Anusha Bareddy

Personal information
- Full name: Anusha Bareddy
- Born: 6 June 2003 (age 23) Anantapur, Andhra Pradesh, India
- Batting: Left-handed
- Bowling: Slow left-arm orthodox
- Role: Bowler

International information
- National side: India;
- Only ODI (cap 138): 16 July 2023 v Bangladesh
- T20I debut (cap 74): 9 July 2023 v Bangladesh
- Last T20I: 11 July 2023 v Bangladesh

Domestic team information
- 2020/21–present: Andhra

Career statistics
| Competition | WODI | WT20I | WLA | WT20 |
| Matches | 1 | 2 | 23 | 20 |
| Runs scored | 2 | – | 125 | 21 |
| Batting average | 2.00 | – | 15.62 | 21.00 |
| 100s/50s | 0/0 | – | 0/0 | 0/0 |
| Top score | 2 | – | 31 | 13* |
| Balls bowled | 6 | 48 | 1,097 | 420 |
| Wickets | 0 | 1 | 32 | 14 |
| Bowling average | – | 44.00 | 19.81 | 25.07 |
| 5 wickets in innings | 0 | 0 | 1 | 0 |
| 10 wickets in match | 0 | 0 | 0 | 0 |
| Best bowling | – | 1/20 | 5/10 | 2/5 |
| Catches/stumpings | 0/– | 0/– | 6/– | 4/– |

Medal record
Representing India
Women's Cricket
Asian Games
| Gold medal – first place | 2022 Hangzhou | Team |
- Source: CricketArchive, 30 October 2023

= Anusha Bareddy =

Indian cricketer (born 2003)

Anusha Bareddy (born 6 June 2003) is an Indian cricketer who currently plays for Andhra. She plays as a slow left-arm orthodox bowler.

She made her international debut in July 2023, in a Twenty20 International for India against Bangladesh.

==Early life==
Anusha was born on 6 June 2003 in Anantapur, Andhra Pradesh.

==Domestic career==
Anusha made her debut for Andhra in the 2020–21 Women's Senior One Day Trophy against Uttar Pradesh, taking 1/17 from her 10 overs.
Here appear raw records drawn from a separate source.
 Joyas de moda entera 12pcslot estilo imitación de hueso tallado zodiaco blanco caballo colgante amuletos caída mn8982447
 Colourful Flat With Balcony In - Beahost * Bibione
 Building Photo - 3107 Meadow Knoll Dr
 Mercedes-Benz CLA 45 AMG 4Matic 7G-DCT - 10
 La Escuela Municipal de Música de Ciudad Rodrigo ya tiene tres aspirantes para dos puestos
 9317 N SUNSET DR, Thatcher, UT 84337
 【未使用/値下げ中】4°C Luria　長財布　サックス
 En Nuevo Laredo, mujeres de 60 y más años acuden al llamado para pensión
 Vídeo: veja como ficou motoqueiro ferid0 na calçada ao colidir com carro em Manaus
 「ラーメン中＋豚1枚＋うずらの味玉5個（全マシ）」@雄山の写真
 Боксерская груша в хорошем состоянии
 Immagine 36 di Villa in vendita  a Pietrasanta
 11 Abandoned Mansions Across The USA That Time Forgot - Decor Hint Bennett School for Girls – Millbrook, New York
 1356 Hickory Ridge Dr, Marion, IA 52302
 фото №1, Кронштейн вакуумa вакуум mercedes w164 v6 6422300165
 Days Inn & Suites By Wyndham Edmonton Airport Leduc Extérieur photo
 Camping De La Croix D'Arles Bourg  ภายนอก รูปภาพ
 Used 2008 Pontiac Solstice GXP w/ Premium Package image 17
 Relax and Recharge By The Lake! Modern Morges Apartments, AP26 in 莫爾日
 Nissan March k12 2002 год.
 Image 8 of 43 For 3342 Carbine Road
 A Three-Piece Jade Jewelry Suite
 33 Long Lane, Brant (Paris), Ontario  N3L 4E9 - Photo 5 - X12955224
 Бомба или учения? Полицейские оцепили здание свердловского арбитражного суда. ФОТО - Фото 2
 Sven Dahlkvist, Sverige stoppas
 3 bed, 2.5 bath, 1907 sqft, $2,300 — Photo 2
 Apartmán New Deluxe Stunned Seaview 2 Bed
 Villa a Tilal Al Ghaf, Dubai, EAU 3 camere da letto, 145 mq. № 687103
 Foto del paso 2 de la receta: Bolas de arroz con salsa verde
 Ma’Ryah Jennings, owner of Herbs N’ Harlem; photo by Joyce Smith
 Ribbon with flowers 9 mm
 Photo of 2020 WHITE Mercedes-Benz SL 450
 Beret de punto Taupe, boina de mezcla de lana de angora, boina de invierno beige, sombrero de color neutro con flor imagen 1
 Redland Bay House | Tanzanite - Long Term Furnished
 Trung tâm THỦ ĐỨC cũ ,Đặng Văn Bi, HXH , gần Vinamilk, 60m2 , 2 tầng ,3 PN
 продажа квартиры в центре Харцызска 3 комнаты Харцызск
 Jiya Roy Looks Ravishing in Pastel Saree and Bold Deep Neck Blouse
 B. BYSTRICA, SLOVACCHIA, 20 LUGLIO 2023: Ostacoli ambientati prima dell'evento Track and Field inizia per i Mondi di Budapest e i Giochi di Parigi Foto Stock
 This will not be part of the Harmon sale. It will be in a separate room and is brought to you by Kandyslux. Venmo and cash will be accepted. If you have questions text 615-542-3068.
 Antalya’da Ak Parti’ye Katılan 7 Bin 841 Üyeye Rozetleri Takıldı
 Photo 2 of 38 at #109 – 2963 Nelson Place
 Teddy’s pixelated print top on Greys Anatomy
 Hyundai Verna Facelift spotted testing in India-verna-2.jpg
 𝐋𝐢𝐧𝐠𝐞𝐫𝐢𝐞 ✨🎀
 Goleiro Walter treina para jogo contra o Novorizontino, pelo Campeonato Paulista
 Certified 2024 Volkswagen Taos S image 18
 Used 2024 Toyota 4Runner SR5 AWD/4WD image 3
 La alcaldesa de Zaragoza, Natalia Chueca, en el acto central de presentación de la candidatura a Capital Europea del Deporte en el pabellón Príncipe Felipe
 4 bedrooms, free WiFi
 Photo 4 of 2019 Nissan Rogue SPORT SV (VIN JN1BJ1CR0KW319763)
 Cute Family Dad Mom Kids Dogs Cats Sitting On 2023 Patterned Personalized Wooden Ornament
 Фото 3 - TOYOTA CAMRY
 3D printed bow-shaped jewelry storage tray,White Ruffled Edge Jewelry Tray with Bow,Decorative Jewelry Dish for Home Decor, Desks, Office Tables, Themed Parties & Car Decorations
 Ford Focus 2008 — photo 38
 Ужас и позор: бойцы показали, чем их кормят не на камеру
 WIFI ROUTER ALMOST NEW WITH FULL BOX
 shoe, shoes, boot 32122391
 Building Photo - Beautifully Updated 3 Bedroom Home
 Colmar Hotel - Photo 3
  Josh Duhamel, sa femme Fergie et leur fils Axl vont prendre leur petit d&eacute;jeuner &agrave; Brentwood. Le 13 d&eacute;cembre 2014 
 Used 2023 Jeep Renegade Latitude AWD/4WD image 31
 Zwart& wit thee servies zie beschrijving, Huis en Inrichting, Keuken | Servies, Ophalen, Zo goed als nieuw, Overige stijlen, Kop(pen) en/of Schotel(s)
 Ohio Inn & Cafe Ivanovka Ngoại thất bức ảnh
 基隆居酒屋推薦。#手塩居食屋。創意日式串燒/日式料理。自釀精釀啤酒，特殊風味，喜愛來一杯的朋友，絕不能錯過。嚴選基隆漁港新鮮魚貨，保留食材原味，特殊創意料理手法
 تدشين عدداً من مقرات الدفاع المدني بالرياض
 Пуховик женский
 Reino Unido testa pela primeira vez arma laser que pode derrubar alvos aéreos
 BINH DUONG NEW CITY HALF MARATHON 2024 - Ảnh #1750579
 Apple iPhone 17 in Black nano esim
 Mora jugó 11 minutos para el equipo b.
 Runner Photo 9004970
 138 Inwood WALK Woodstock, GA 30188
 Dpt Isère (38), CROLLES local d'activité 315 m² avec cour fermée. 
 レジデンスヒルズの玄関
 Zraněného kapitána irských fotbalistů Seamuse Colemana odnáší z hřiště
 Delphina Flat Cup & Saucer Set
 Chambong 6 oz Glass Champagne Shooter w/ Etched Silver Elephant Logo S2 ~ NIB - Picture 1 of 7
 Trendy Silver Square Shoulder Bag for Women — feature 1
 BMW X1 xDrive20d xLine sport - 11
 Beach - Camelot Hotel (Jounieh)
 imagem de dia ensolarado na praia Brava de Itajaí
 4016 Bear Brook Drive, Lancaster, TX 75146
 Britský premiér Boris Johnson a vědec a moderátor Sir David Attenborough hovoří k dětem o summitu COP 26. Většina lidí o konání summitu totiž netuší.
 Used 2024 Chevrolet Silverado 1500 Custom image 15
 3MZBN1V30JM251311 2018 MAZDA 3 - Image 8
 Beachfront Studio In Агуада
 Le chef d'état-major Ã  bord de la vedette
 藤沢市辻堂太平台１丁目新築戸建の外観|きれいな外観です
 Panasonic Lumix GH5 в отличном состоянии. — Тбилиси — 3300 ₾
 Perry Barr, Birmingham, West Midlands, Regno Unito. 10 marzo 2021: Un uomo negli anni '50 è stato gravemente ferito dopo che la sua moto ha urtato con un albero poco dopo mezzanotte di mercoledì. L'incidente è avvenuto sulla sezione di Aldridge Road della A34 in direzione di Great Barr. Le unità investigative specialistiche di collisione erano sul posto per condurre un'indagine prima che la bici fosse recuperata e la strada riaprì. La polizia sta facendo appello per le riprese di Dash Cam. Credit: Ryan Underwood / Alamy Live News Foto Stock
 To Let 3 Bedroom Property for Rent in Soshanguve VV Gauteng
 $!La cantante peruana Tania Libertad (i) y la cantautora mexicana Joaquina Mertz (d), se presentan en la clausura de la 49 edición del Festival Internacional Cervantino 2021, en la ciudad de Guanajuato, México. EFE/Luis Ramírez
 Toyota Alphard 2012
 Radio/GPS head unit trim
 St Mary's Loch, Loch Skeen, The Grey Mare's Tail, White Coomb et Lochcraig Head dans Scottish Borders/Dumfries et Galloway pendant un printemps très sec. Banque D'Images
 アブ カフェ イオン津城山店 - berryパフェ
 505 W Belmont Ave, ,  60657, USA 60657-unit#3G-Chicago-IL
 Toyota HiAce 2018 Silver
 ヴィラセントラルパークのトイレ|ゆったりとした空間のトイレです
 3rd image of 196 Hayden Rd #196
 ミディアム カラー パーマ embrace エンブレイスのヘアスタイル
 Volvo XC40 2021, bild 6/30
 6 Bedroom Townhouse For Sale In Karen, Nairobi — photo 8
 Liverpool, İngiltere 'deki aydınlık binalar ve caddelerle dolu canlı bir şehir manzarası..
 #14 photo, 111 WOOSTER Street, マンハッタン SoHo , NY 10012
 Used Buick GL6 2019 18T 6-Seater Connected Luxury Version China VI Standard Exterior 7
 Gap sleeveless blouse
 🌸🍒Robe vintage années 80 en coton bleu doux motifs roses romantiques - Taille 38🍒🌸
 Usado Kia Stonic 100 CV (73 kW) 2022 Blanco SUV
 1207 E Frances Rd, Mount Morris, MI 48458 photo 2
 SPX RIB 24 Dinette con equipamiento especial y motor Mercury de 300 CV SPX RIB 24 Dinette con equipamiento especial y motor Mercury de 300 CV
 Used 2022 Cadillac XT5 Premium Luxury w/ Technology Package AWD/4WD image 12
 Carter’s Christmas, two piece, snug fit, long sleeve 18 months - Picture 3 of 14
In the 2022–23 Women's Senior One Day Trophy, she took her maiden List A five-wicket haul, with 5/10 from 8.1 overs against Tripura.

==International career==
In June 2023, Anusha played for India A at the 2023 ACC Women's T20 Emerging Teams Asia Cup.

In July 2023, Anusha was named in her first India squad, for the side's upcoming series against Bangladesh. She made her debut in the first Twenty20 International of the series, bowling four overs for 24 runs. She took her maiden T20I wicket in the second match of the series. She made her One Day International debut in the first ODI of the same series, bowling one over. In September 2023, she was in India's squad for the Asian Games, but did not play a match.